## Work order
Transcribe the data as written, minus images.

====== Data to use ======

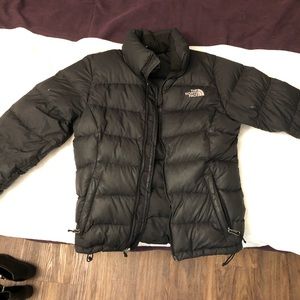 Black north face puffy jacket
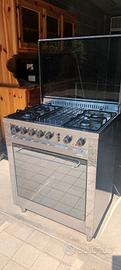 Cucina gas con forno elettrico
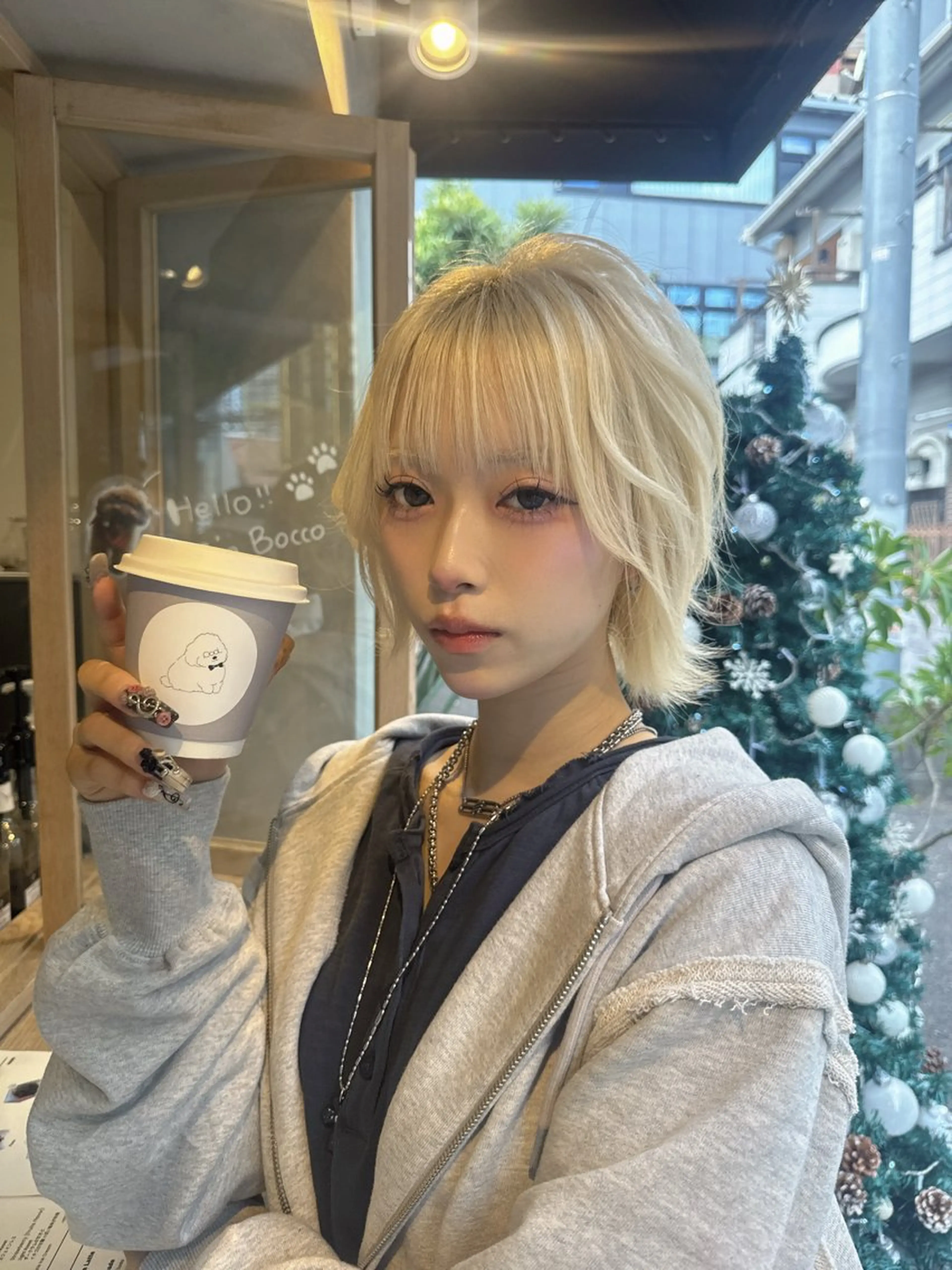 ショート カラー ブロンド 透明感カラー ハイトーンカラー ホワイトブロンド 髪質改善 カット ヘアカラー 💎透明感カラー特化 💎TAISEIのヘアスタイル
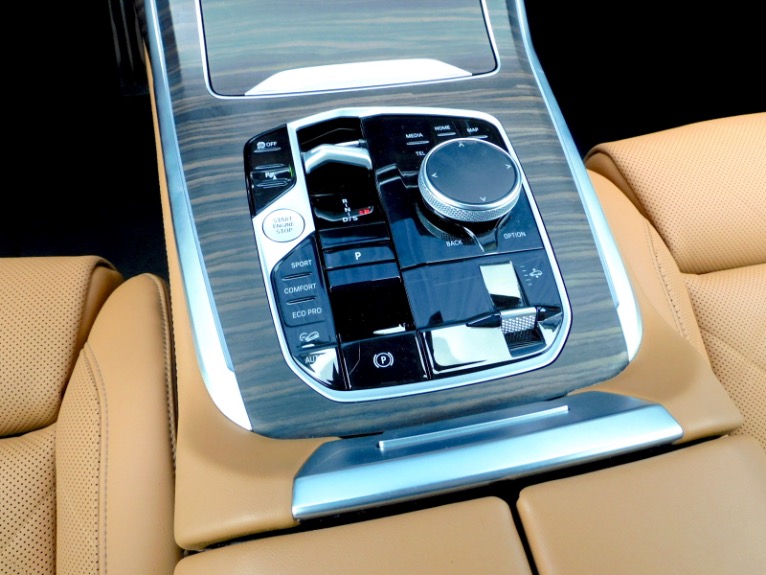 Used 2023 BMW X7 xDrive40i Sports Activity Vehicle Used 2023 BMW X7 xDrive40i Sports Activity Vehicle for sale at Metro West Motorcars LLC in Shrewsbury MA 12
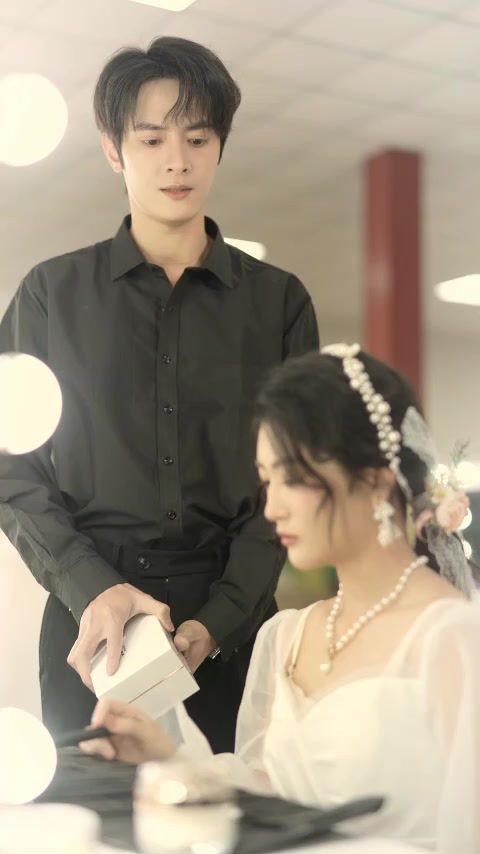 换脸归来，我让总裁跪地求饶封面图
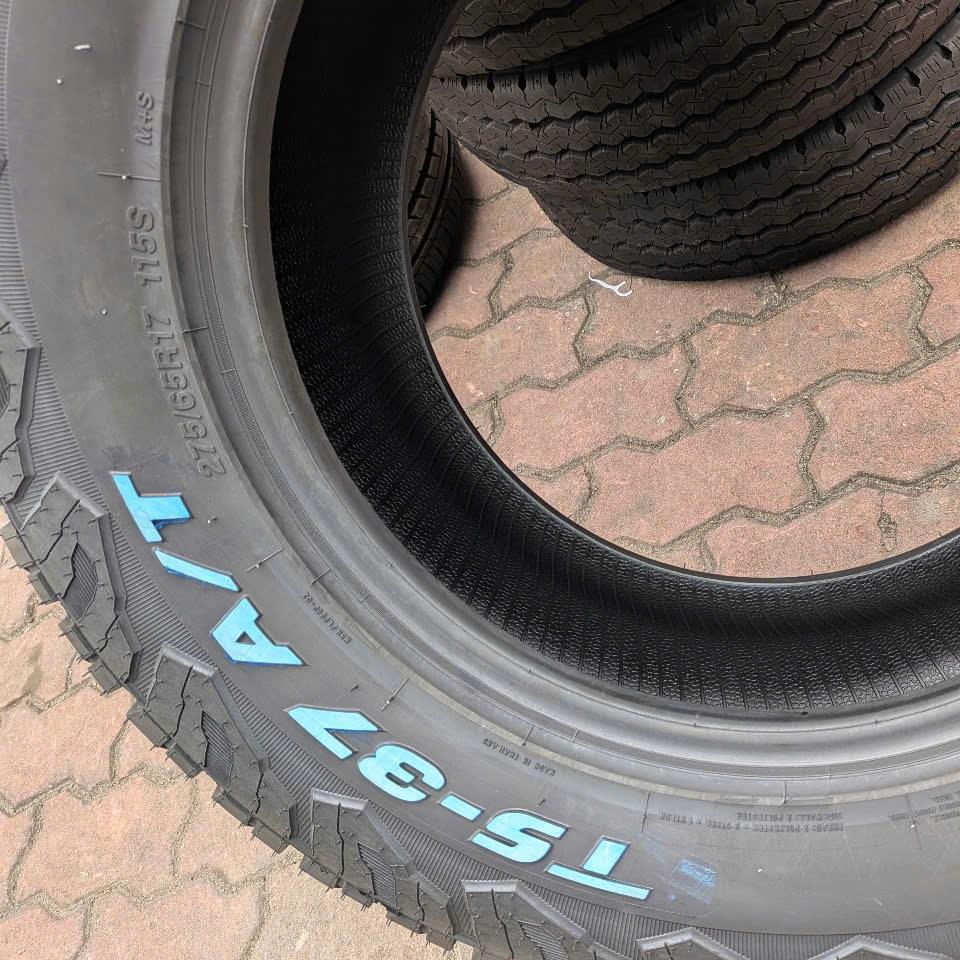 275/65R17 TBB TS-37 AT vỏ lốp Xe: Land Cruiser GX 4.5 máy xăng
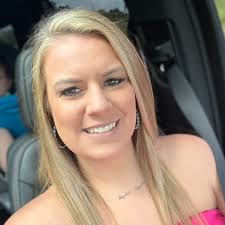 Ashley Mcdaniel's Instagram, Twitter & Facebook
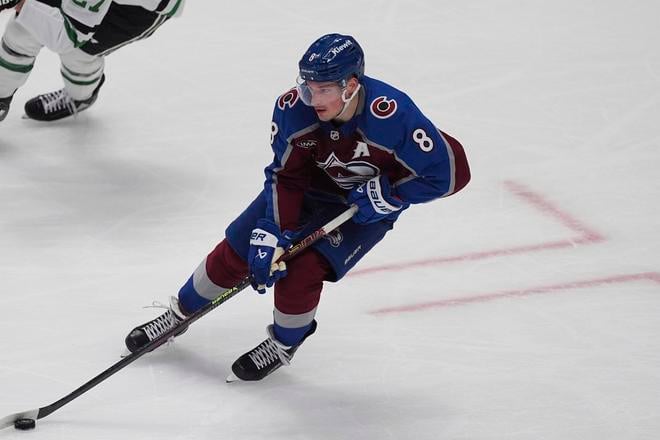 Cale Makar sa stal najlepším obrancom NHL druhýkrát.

======

## Result of the task
 Black north face puffy jacket
 Cucina gas con forno elettrico
 ショート カラー ブロンド 透明感カラー ハイトーンカラー ホワイトブロンド 髪質改善 カット ヘアカラー 💎透明感カラー特化 💎TAISEIのヘアスタイル
 Used 2023 BMW X7 xDrive40i Sports Activity Vehicle Used 2023 BMW X7 xDrive40i Sports Activity Vehicle for sale at Metro West Motorcars LLC in Shrewsbury MA 12
 换脸归来，我让总裁跪地求饶封面图
 275/65R17 TBB TS-37 AT vỏ lốp Xe: Land Cruiser GX 4.5 máy xăng
 Ashley Mcdaniel's Instagram, Twitter & Facebook
 Cale Makar sa stal najlepším obrancom NHL druhýkrát.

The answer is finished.